We may live in Arizona, far from the coast, but that doesn’t mean you don’t need flood insurance. Flash flooding in the Phoenix area and throughout Arizona can cause serious property damage that most likely isn’t covered under your Homeowner’s policy. In today’s episode Chuck explains why you should consider getting flood insurance even if you live in the desert.
Having just gotten back from Texas and then watching the issues that are occurring currently in Florida I started thinking about flooding in my home. I began looking at my homeowner’s policy. One of the statistics out of Houston was that about 80% of the homes that were flooded did not have flood insurance.
Even though they may not have been on a flood plain they didn’t have any flood insurance what-so-ever. I think that most people, including myself, would think that homeowner’s insurance would cover flooding outside of a flood plain, but that is not the case. If you are a homeowner, or even a renter (you’re renting an apartment or a home) and you’ve got renter’s insurance, you want to look to make sure that any kind of flood will will be covered under your insurance.
In my particular policy that I looked at, If I had — I’m trying to make this very clear because it was even difficult for me to read. There are so many exclusions. If my neighbor’s sewer backed up, causing their sewage water to come onto my property, my Homeowner’s wouldn’t cover it. That doesn’t mean that I couldn’t sue my neighbors I guess and make a claim on their homeowner’s. That’s not a good way to make friends. But my point is the homeowner’s would not cover it.
In other words, if the water originates off your property, and then comes onto your property. Say you live on the foot of a mountain here in Phoenix. If the water comes down off the mountain and then comes into your home, or floods your property. Or you end up with (a lot of insurance carriers use this) “blowing rain” in other words the rain is not directly over your house, it is blowing sideways and then floods your property. There is no coverage.
There is coverage if you have a pipe break in the wall. Let’s say it breaks and floods your living room or bathroom, there is coverage in that. Or if somebody clogs up one of your toilets. This is unless of course the insurance company decides to argue that it was lack of maintenance that caused it, and that is another exclusion.
I started looking into the National Flood Insurance Program which is managed by FEMA. I don’t live in a flood plain, but I have lived through two hundred-year-floods back in the late 70s that are supposed to happen every 100 years and they happened two years in a row, and I know what happened then. I have actually had a flood here too based upon some torrential rain we had about 5 years ago. I started looking at it and it would cost me less than $250 a year to have flood insurance that would cover all of those exclusions in my homeowner’s policy.
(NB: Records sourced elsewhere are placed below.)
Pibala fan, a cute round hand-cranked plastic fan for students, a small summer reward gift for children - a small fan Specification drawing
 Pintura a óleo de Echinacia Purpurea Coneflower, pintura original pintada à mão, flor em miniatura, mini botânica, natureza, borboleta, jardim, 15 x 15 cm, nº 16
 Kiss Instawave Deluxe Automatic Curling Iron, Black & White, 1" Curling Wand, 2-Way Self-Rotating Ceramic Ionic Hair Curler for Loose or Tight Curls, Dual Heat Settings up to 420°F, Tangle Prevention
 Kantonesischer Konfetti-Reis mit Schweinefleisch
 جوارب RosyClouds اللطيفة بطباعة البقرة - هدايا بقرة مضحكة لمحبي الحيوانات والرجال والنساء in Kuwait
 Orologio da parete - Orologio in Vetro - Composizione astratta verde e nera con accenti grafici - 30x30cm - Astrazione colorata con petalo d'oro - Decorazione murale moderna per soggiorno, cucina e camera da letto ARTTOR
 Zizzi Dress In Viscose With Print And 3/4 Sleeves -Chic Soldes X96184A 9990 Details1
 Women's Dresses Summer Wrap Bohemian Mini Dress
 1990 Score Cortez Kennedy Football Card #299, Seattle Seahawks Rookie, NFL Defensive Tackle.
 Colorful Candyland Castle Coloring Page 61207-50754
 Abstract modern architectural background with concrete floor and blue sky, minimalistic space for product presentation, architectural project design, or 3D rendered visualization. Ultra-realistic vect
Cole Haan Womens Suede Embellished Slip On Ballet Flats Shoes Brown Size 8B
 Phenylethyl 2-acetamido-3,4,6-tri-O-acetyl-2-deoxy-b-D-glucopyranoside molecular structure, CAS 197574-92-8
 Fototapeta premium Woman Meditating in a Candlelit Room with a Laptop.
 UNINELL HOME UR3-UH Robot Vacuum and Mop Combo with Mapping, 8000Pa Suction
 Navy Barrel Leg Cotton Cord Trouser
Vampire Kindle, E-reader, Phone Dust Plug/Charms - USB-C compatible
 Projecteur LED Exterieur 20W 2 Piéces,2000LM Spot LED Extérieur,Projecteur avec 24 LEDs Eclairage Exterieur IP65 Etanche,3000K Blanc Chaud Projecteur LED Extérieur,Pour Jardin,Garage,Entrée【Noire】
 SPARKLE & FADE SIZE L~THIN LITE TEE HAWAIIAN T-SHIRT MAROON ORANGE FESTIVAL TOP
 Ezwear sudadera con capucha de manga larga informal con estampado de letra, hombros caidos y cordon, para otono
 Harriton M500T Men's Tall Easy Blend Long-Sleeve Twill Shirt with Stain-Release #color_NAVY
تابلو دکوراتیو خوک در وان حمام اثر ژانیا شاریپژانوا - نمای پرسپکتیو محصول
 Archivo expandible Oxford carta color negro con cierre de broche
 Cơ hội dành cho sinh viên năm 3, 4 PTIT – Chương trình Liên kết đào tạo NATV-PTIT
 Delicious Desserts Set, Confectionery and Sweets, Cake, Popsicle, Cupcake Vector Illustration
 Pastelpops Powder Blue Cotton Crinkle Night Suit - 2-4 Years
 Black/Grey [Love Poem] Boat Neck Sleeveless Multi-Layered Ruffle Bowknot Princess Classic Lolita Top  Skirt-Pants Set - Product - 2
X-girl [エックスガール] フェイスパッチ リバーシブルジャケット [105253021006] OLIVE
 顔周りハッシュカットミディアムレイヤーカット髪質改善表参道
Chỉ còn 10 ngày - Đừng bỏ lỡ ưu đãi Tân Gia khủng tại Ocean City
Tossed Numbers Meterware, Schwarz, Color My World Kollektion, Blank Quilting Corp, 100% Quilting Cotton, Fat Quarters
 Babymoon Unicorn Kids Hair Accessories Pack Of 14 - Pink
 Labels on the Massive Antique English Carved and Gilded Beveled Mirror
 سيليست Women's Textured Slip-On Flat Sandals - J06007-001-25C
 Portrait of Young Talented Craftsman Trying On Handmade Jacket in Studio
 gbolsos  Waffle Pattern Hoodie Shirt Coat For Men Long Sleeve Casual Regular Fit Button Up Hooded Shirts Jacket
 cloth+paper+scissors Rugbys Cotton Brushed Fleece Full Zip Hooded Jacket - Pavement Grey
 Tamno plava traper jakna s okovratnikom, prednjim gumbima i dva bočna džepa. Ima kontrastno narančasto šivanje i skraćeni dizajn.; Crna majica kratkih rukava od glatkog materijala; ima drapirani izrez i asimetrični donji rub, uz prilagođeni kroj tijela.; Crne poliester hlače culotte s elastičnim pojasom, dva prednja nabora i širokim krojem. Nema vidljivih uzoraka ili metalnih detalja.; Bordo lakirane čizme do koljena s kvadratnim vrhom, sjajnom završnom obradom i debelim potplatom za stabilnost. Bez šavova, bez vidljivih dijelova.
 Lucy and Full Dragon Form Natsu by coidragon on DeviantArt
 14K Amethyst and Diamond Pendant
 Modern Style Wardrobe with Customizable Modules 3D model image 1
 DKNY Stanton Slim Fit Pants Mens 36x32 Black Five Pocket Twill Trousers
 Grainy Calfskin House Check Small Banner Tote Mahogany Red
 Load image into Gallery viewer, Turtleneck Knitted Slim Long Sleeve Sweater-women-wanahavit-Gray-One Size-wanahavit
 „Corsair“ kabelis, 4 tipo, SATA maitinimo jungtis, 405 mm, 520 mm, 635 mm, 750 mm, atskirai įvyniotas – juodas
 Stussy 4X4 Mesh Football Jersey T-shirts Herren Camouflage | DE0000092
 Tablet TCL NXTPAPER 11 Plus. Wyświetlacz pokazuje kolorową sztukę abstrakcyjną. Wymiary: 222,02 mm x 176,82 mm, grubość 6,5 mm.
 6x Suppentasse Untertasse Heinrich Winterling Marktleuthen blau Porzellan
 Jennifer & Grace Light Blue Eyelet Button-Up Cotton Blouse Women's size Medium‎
My point is, look at your Homeowner’s policy if you own a home. Look at your renter’s policy if you have renter’s insurance. Look at the exclusions relative to flood insurance and your belongings. Now if the wind comes through and rips off your roof, that is covered. Wind damage is always – well not always – but generally speaking is covered. But the rain aftermath, the “blowing rain” and the damage that it causes to the interior of your home and personal belongings after the roof was ripped off would not be covered.
So my point is, pull your Homeowner’s Policy out, look at the exclusions, and if there are a lot of exclusions like most homeowner’s policies, spring for the extra couple-hundred dollars a year. Get the flood insurance that will cover all those things which aren’t covered. That way you won’t end up paying out of pocket like 80% of the people in Houston are going to be to rebuild their homes and replace their personal belongings.